The gathering of human intelligence (HUMINT) is of utmost importance, yet the scientific literature is silent with respect to the effectiveness of different information elicitation techniques. Our aim was to remedy this by conducting the first scientific test of the so-called Scharff technique (named after the successful German WWII interrogator).


We developed a new experimental paradigm, mirroring some main features of a typical HUMINT situation. The participants (= 93) were given information on a planned terrorist attack, and were instructed to strike a balance between not revealing too much or too little information in an upcoming interview. One third was interviewed with the Scharff technique (conceptualized to include four different tactics), one-third was asked open questions only, and the final third was asked specific questions only. The effectiveness of the three techniques was assessed by a novel set of objective and subjective measures.

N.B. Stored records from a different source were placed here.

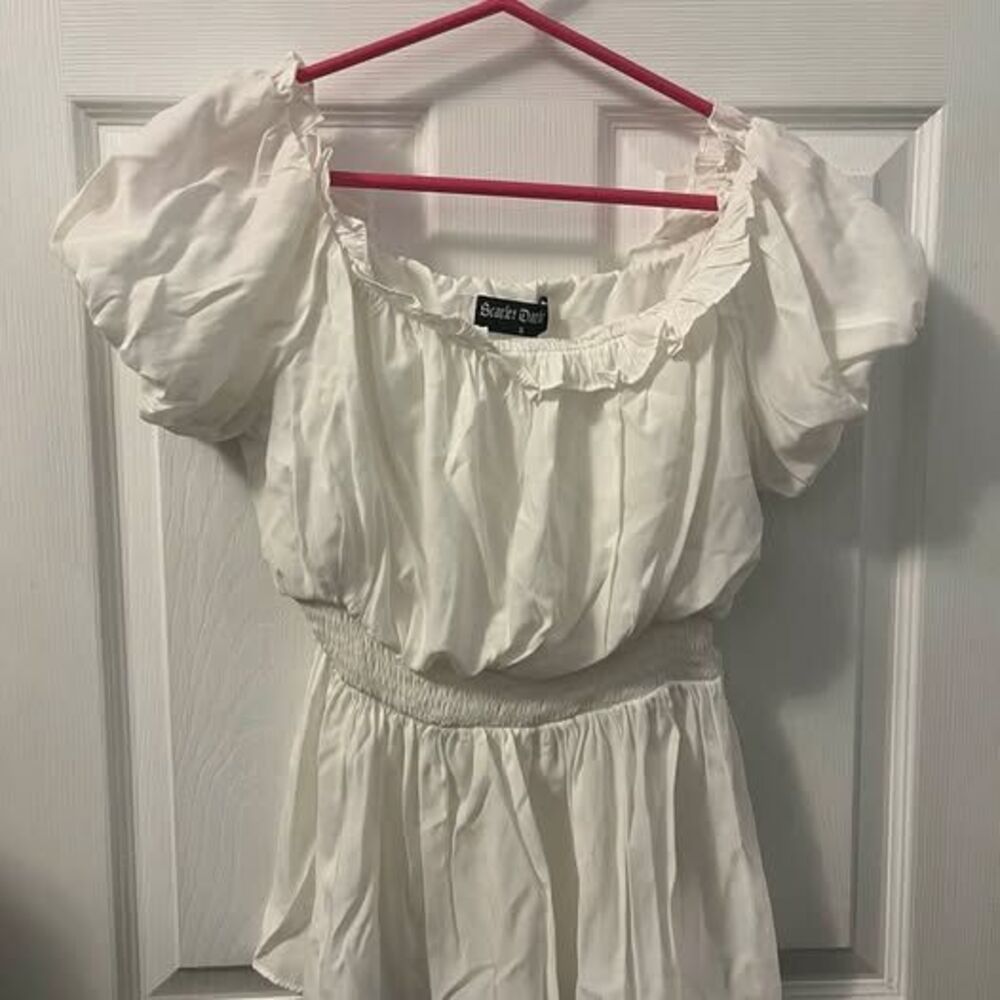 Scarlet Darkness White/Cream Peasant Puff Sleeve Top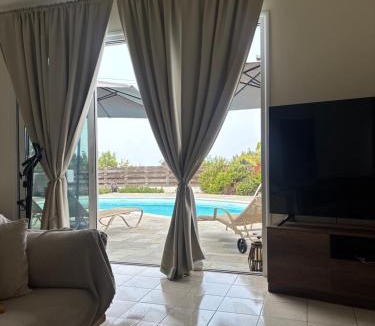 Emba House | Eflisian Bungalows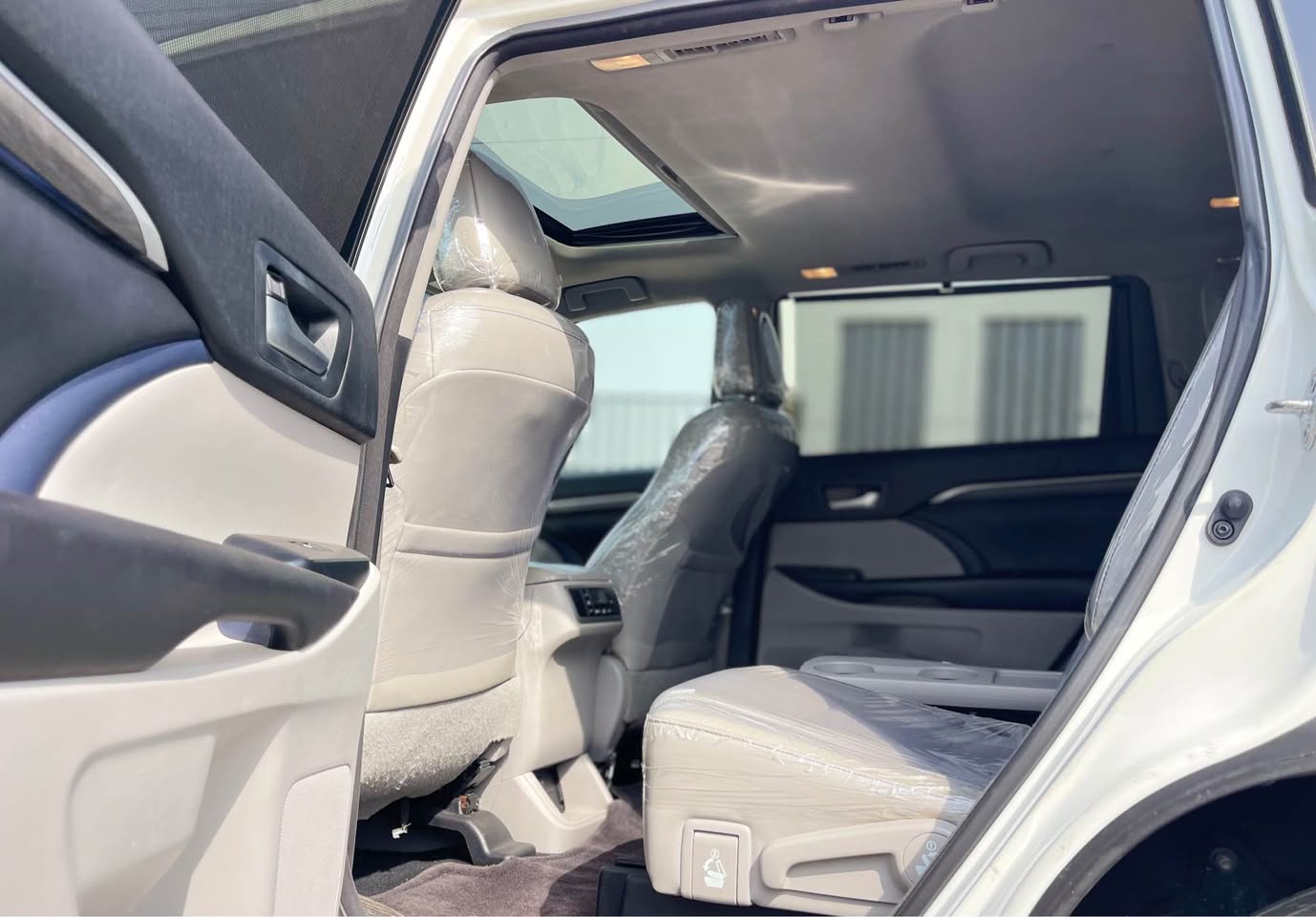 A picture of FOREIGN USED 2019 TOYOTA HIGHLANDER LIMITED 37 000 000 08175232309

Our main findings show that (1) the three techniques did not differ with respect to the objective amount of new information gathered; (2) the participants in the Scharff condition perceived (as predicted) that it was more difficult to read the interviewer's information objectives; and (3) the participants in the Scharff- and the Open-question condition (incorrectly) perceived to have revealed significantly less information than the participants in the Specific question condition.


We presented a new experimental paradigm, and new dependent measures, for studying the effectiveness of different information elicitation techniques. We consider the outcome for the Scharff technique as rather promising, but future refinements are needed.